Captioned web image data
■ ■ ■ ■ ■

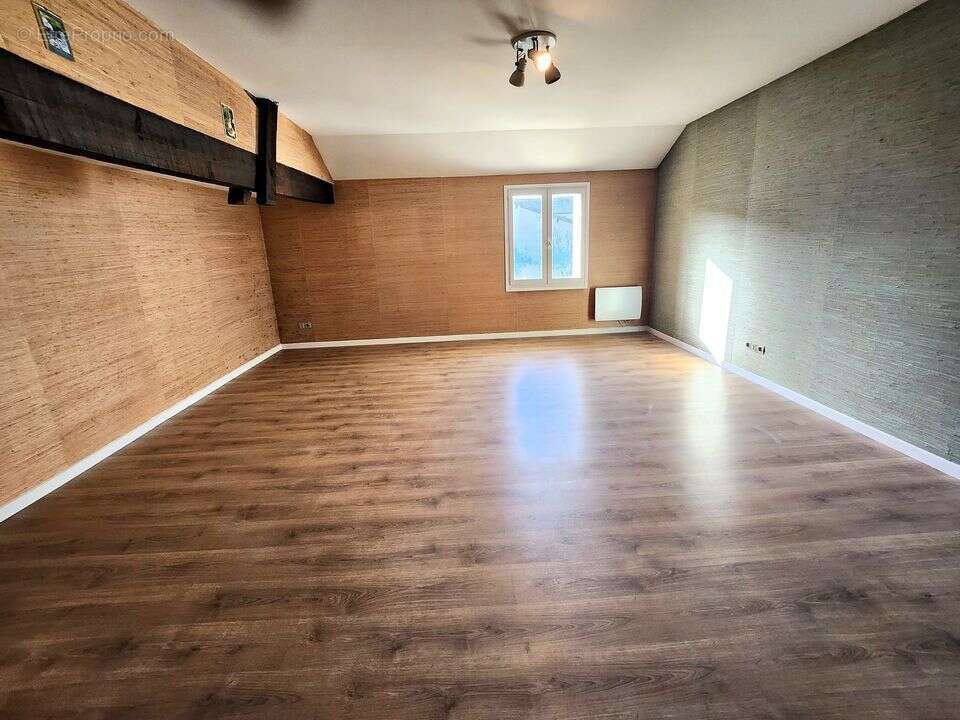 Maison à LAMOTHE-MONTRAVEL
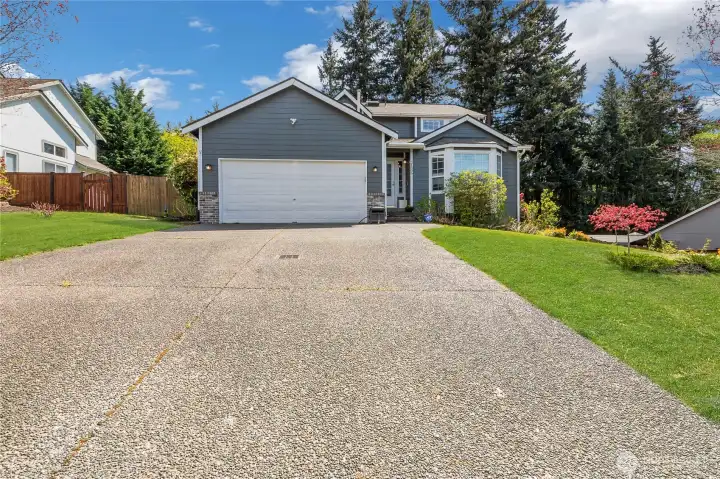 Well maintained home with inviting curb appeal, attached 2 car garage, and addional gated RV parking access for added convenience and flexibility Well maintained home with inviting curb appeal, attached 2 car garage, and addional gated RV parking access for added convenience and flexibility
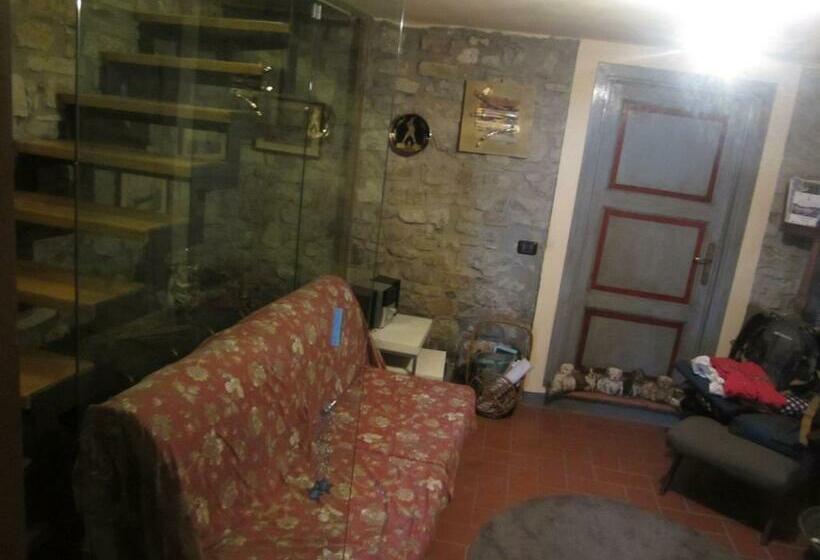 ベッドアンドブレックファースト Poggio Delle Rondini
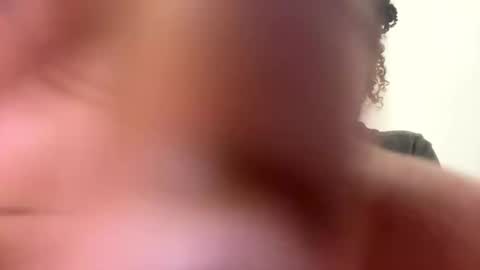 lunamoth00 online show from 9, 1, 2026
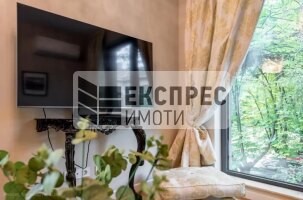 Обзаведен Тристаен апартамент, Център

■ ■ ■ ■ ■

_WHAT YOU WILL DO_
Output nothing except an exact copy of the records above, with the images left out.

_REPLY_
 Maison à LAMOTHE-MONTRAVEL
 Well maintained home with inviting curb appeal, attached 2 car garage, and addional gated RV parking access for added convenience and flexibility Well maintained home with inviting curb appeal, attached 2 car garage, and addional gated RV parking access for added convenience and flexibility
 ベッドアンドブレックファースト Poggio Delle Rondini
 lunamoth00 online show from 9, 1, 2026
 Обзаведен Тристаен апартамент, Център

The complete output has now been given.